Tag Archives: Libya

LIBYA: The news you may not have heard

Nick Meleby Nick Mele
Pax Christi USA National Council member

About ten days after the attack on the U.S. Consulate in Benghazi, there were a few interesting follow-up articles and occasional broadcast stories about the aftermath of the attack. These were not stories about calls for revenge or what the Libyan and U.S. governments are doing to track down the people responsible for the deaths, the news reported was much more hopeful. A New York Times story reported that crowds of unarmed Libyans marched on militia compounds and the Ansar al-Sharia headquarters in Benghazi and disarmed the militias. For most part unarmed, they persisted, in some cases burning guns and ammunition, in others removing them.

Needless to say, this news did not get the intensive coverage the original incident did, and did not receive the impassioned commentaries from pundits which characterized much of the reaction to the deaths of the American officials. There was also almost no mention anywhere of a Gallup poll released a few days after the attack which found that 95 percent of Libyans believed, before the attack on the consulate, that the militias should be required to surrender their weapons to the authorities.

Part of the reason must certainly be our continuing struggle to assimilate the flood of information with which we all struggle to cope. Another is the way coverage of nonviolent events vanishes from the news, but a bigger part of the problem is our focus on violence and violent solutions to problems, indoctrinated through the news media, films, television shows and video and computer games. Yet a third is a general expectation, fostered by the same sources, that all the news from the Muslim world is bad news. The reality is very different and perhaps the best way to learn that is to read and listen to Muslim voices of tolerance, the very voices that seldom pass through the filters our media organizations impose.

Click here to read more from Nick’s blog.

REFLECTION: Telling the other side of the story

Marie DennisBy Marie Dennis
Pax Christi International Co-President

(This is the fourth in a series about civil discourse, respectful dialogue across difference, and nonviolence. Read Marie’s first post here, second post here and third post here. And join in the conversation by posting comments on the website below this post and future ones, as well as participating in the dialogue on our Facebook page and Twitter.)

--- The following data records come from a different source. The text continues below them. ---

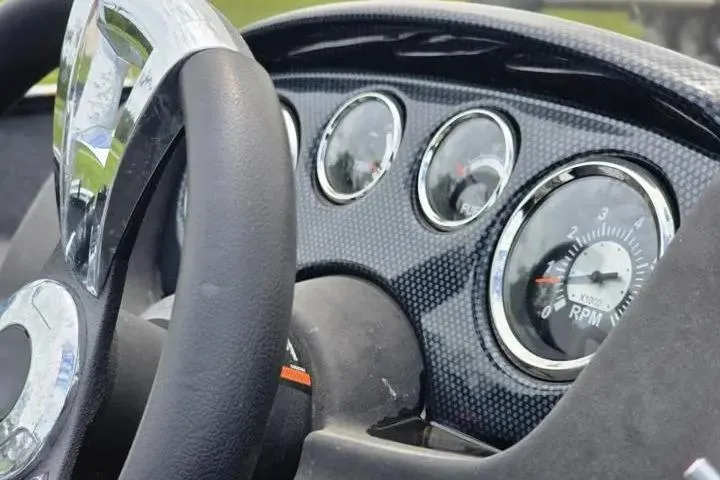 Slide: The Image of Dashboard of 2021 Lowe Fishing Machine 1775SC with steering wheel and gauges. - 37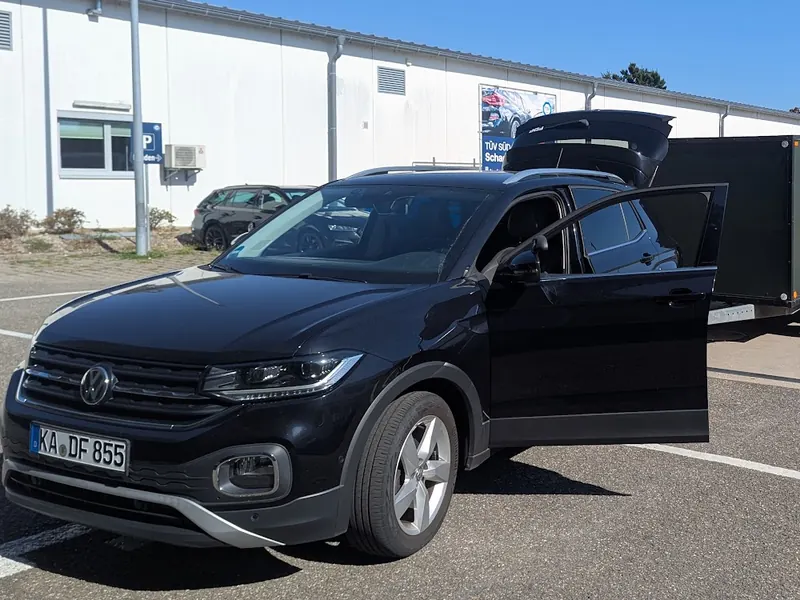 Daniels Fahrschulauto, ein schwarzer VW T-Cross, mit offener Tür auf einem Parkplatz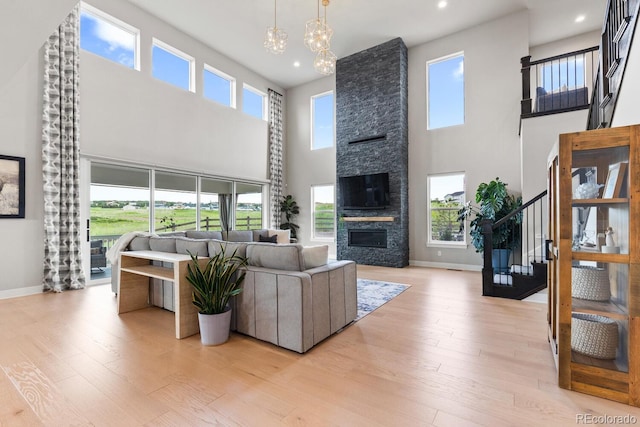 423 Rogers Way, Castle Rock, CO 80104 - living area featuring a high ceiling, stairway, plenty of natural light, light wood-type flooring, and recessed lighting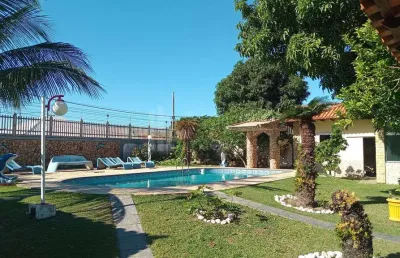 Casa quatro quartos sendo duas suítes 200 metros da lagoa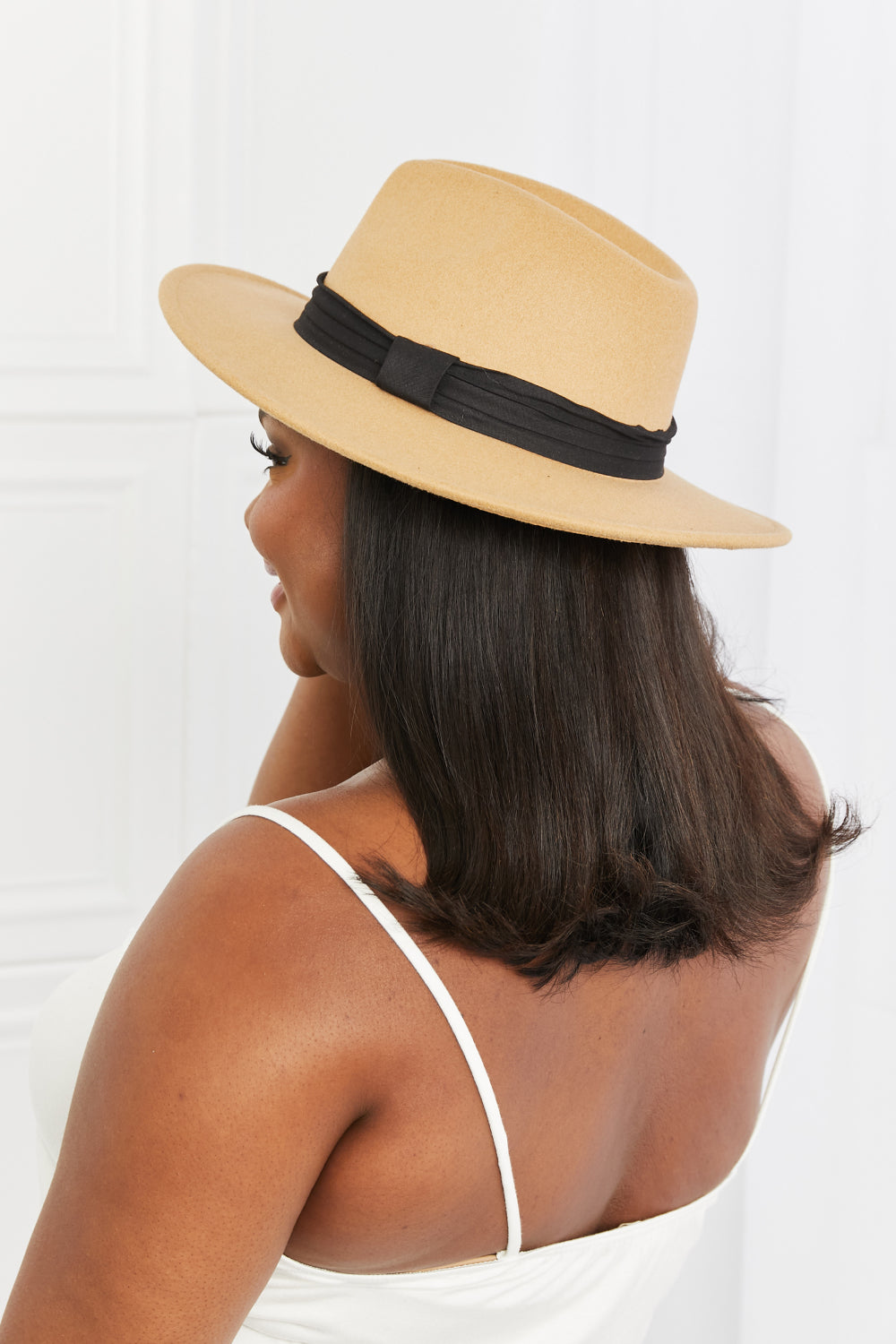 Model in profile wears a khaki You Got It fedora hat with a softly shaped crown, wide brim, and contrasting black ribbon band.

As heads of state and delegations to the United Nations gathered in New York for the opening of the U.N. General Assembly, significant attention, including in President Obama’s address, was given to critical questions raised by the insulting video produced in the United States and the violence it sparked in Libya, Egypt, Tunisia, Sudan and elsewhere in the Middle East. The violent fruit of extreme polarization, ignorance, demonization and manipulation was made highly visible by international media and electronic networking sites, but the other side of the story was neither well told nor adequately discussed.

At the end of the week, Religions for Peace and the Institute for Global Engagement invited representatives of faith-based civil society to a dialogue with several States, including the U.S. and Kenya, representatives of the Organization of Islamic Cooperation, the Alliance of Civilizations, researchers and analysts.

The brief remarks of Libyan Islamic scholar Dr. Aref Ali Nayed were deeply moving and extremely important.  This was the first time he had spoken publicly since the killing of the U.S. Ambassador to Libya, Christopher Stevens, and three embassy aides.  He described Ambassador Stevens as a great friend of Libya.  He also spoke with tremendous sadness about the many others in Libya whose lives were lost in recent days, including ten youth who were trying to stop the violence – who were, as he said, “brave enough to say ‘no’ to the stealing of the Libyan revolution.”

Perhaps if the media and all of us had focused more attention on the sacrificial efforts of many in Libya and elsewhere to stop the violence, we would be able to turn the tide on the escalating hate.

Dr. Ali Nayed identified five principles to guide us as we try to move from a deeply polarized world to one of mutual care and understanding:

  • A transcendent vision that places compassion above national or individual ambition
  • Preservation of the sacredness of all that God holds sacred, including all persons and certainly what he called “paradigmatic” persons – Mohammed and Jesus. Free speech, he said, can never be used to attack this sacredness.
  • Dedication to service
  • Persistent determination – the revolution, including against our own selfishness, will be long
  • Appreciation of gifts, including the gifts of diversity and of other persons who can keep us honest

These are deep and rich principles that are alien to the current political discussion in the U.S. but would be well worth pondering in this last month before the elections.  They might help us probe more deeply the crucial decisions we will make on November 6th and examine our own narrow-mindedness that facilitates enemy-making of exactly the sort our world needs to overcome.

Click here to read part 5.

Marie Dennis is a Pax Christi USA Ambassador of Peace and the Co-President of Pax Christi International. 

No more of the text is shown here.